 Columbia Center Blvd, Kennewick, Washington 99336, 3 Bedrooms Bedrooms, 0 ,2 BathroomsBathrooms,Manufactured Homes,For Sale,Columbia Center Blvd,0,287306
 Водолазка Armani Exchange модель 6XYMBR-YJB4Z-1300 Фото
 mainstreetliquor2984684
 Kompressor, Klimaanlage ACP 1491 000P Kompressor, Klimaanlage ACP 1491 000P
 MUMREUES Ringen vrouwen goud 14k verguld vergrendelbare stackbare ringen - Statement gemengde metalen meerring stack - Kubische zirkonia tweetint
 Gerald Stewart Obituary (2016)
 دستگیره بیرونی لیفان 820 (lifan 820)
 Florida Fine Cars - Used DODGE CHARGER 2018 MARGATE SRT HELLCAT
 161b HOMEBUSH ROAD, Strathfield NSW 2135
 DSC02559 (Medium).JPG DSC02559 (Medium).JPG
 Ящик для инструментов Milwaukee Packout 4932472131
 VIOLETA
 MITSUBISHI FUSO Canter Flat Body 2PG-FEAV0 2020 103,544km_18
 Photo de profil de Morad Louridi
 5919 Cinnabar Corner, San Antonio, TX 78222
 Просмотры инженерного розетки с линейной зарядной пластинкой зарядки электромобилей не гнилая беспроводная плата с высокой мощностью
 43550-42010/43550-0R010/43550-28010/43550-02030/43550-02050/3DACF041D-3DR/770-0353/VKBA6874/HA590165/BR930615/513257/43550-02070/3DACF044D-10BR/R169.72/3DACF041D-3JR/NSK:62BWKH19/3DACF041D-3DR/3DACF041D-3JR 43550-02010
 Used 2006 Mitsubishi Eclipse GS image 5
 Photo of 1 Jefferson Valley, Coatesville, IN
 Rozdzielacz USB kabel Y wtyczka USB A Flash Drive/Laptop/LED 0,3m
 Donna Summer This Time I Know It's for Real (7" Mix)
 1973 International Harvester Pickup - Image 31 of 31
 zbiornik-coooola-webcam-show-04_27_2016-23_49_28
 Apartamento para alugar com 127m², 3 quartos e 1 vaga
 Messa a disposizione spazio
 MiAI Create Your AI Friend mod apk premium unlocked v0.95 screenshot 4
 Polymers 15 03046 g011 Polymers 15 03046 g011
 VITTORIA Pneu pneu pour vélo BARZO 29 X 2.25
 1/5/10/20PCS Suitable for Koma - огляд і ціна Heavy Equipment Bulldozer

::::

— EXERCISE PROMPT —
Scan the material above. Extract every line in which the word "Used" occurs.

— SOLUTION FOR THIS TASK —
 Florida Fine Cars - Used DODGE CHARGER 2018 MARGATE SRT HELLCAT
 Used 2006 Mitsubishi Eclipse GS image 5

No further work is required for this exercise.